About this task:
Reproduce verbatim the lines of the material below, starting at the line with "Photo - 503 S Benton St" and ending at the line with "Raúl y su equipo", both inclusive; skip the rest.

Data records:
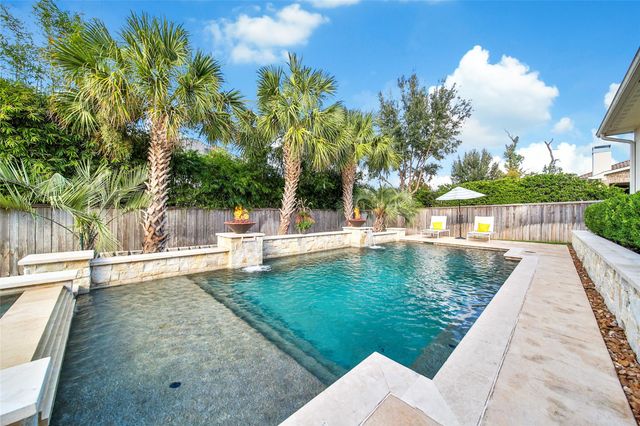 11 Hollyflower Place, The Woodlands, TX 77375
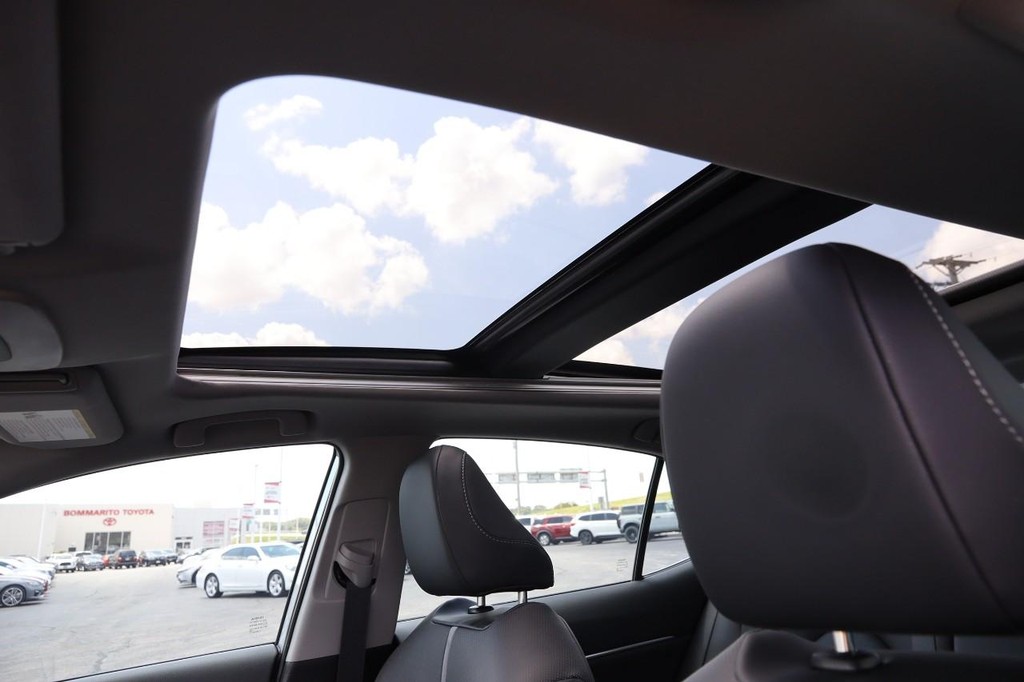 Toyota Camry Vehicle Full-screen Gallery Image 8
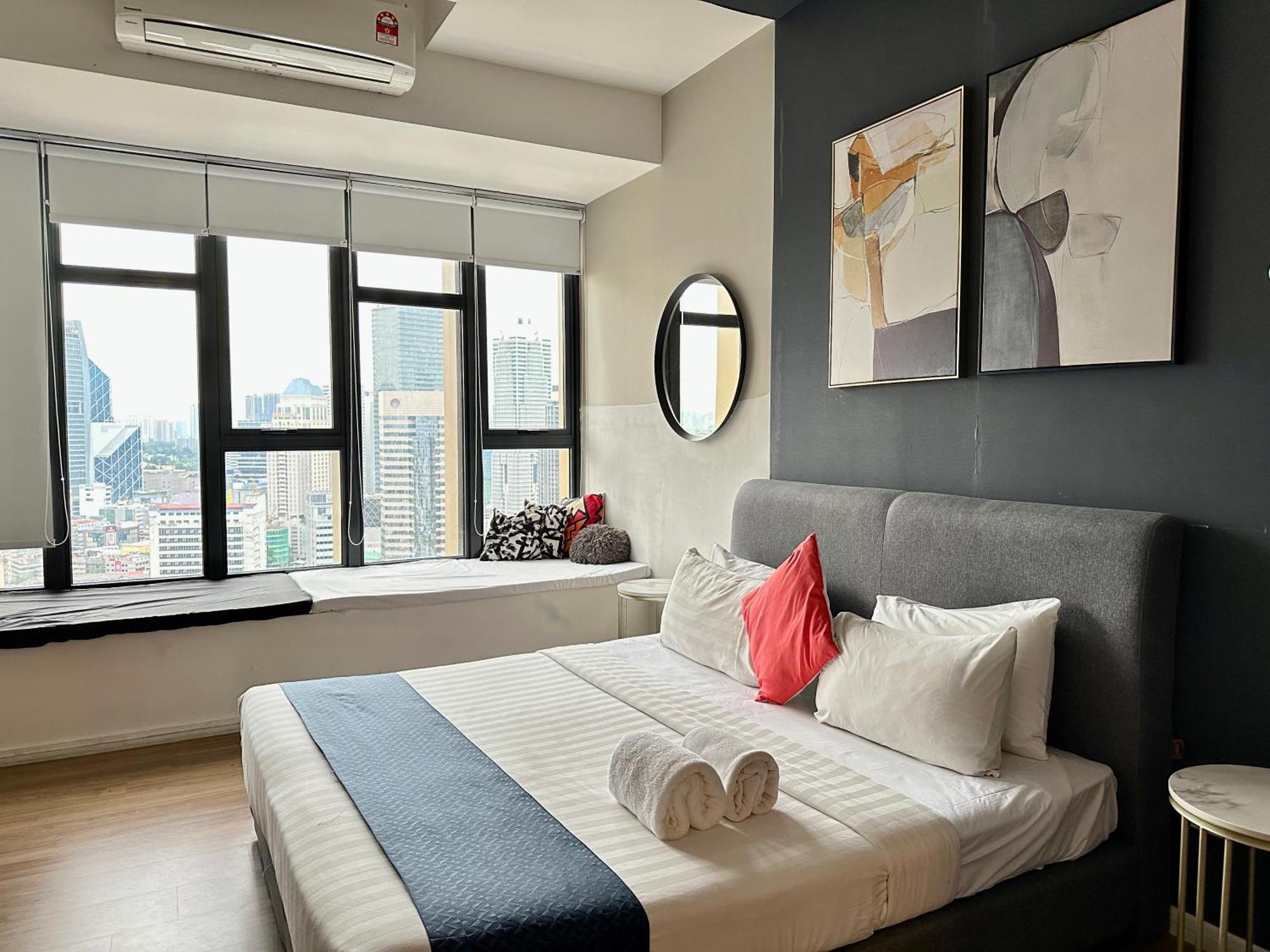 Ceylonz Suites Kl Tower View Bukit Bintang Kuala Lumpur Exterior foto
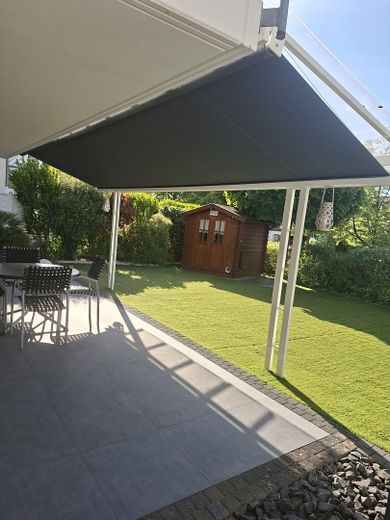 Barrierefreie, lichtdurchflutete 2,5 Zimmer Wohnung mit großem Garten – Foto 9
==
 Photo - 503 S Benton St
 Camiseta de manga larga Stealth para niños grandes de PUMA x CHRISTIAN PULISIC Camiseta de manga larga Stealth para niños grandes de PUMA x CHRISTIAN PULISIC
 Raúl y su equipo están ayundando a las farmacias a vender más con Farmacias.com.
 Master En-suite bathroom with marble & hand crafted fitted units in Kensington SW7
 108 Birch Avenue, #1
* * *
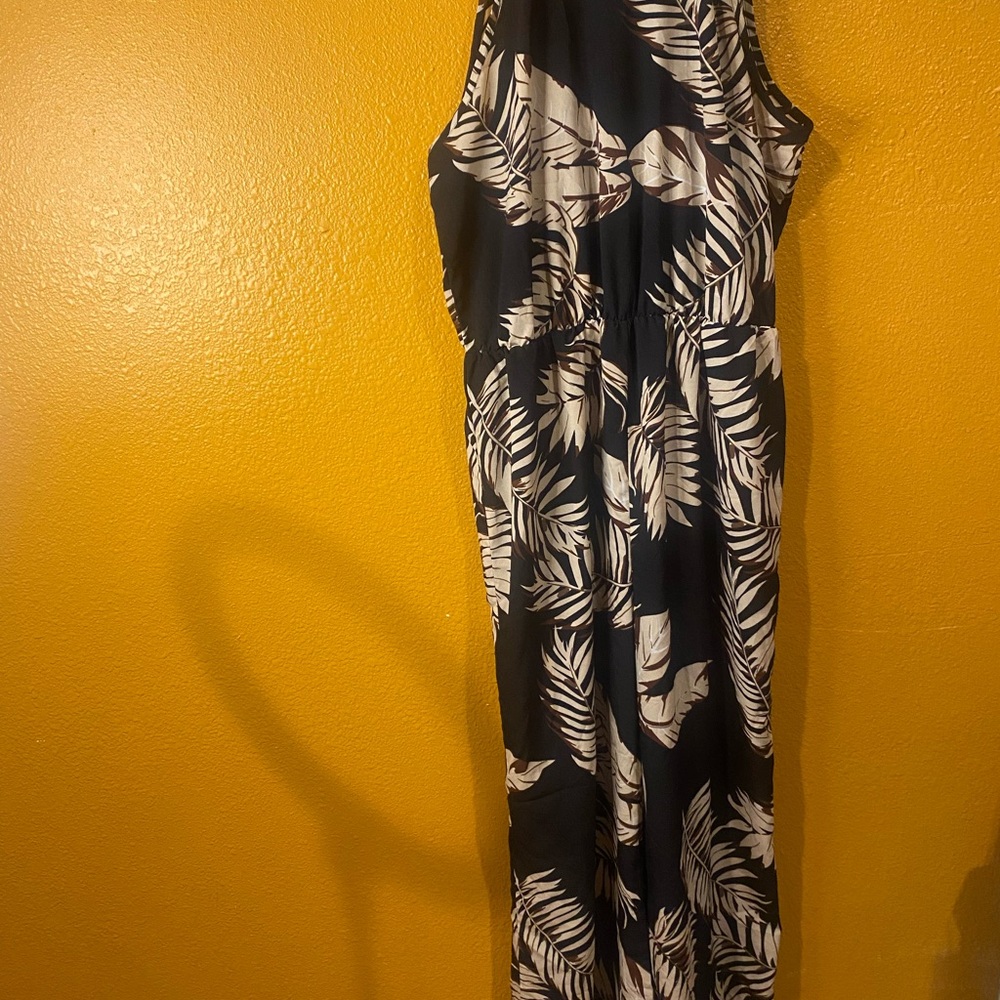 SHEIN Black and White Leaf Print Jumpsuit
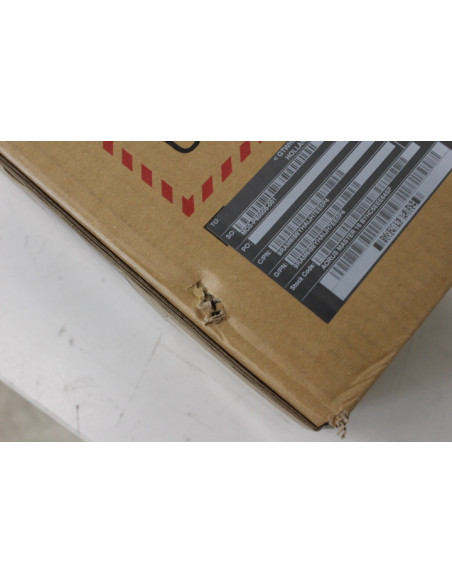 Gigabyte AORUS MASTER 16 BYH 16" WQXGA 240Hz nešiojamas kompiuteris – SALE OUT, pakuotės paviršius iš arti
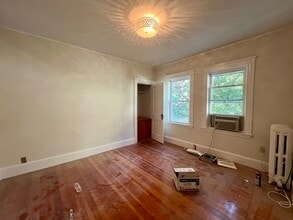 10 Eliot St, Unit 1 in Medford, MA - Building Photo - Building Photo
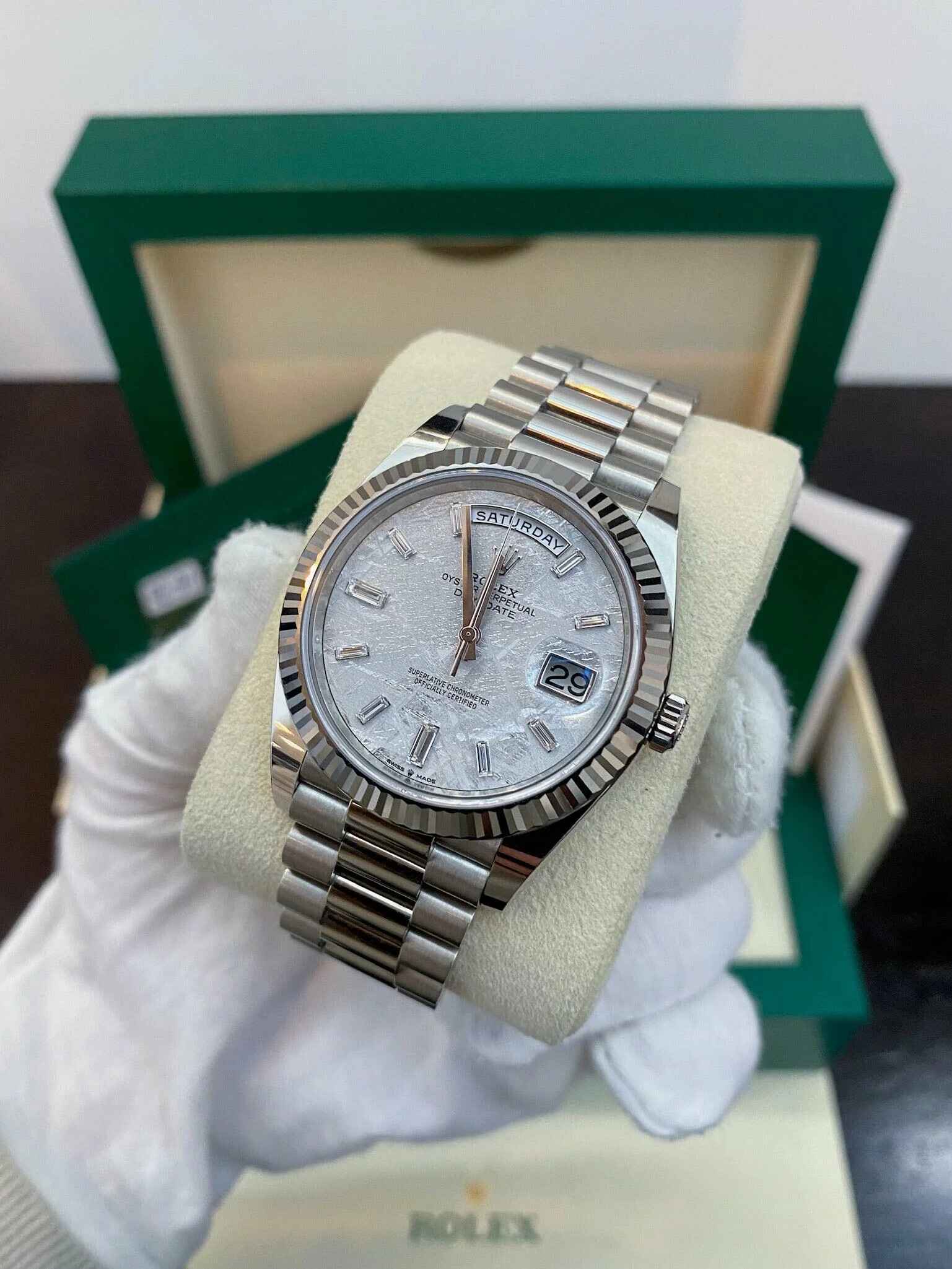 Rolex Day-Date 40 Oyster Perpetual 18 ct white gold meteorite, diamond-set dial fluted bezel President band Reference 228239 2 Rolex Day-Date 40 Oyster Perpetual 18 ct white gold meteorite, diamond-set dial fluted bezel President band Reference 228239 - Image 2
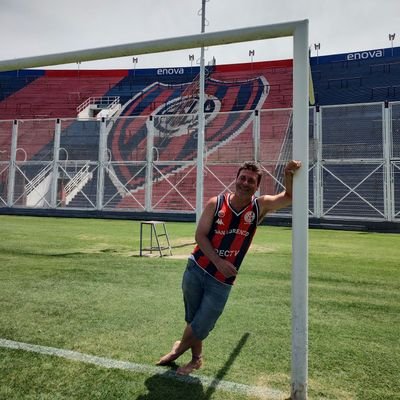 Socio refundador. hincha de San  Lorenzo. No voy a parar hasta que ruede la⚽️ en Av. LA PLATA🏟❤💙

Output of the exercise:
 Photo - 503 S Benton St
 Camiseta de manga larga Stealth para niños grandes de PUMA x CHRISTIAN PULISIC Camiseta de manga larga Stealth para niños grandes de PUMA x CHRISTIAN PULISIC
 Raúl y su equipo están ayundando a las farmacias a vender más con Farmacias.com.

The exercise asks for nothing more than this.